> _What to work on_
Stopping right after the line with "Happy Santa Christmas Money Dispenser", please reproduce the material below exactly from its first line.

> _Supplied data_
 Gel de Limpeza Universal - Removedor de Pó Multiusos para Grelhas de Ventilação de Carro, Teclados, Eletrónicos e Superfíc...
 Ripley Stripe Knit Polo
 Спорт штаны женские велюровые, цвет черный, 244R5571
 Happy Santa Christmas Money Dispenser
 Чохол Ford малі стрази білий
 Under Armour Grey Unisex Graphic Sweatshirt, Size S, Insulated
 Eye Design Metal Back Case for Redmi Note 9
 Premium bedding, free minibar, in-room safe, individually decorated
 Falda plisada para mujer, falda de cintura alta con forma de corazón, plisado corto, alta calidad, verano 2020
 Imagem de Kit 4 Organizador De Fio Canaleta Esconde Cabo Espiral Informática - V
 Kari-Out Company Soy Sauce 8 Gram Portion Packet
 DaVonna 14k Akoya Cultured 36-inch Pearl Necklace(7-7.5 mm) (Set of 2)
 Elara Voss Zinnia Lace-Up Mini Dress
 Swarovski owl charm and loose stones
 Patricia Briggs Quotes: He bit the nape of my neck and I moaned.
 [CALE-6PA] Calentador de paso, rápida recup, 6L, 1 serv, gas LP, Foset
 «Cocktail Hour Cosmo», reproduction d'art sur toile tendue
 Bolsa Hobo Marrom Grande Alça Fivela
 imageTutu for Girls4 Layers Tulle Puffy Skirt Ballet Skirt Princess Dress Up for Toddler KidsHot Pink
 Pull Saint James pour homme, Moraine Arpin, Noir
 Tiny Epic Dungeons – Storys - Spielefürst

> _Response box_
 Gel de Limpeza Universal - Removedor de Pó Multiusos para Grelhas de Ventilação de Carro, Teclados, Eletrónicos e Superfíc...
 Ripley Stripe Knit Polo
 Спорт штаны женские велюровые, цвет черный, 244R5571
 Happy Santa Christmas Money Dispenser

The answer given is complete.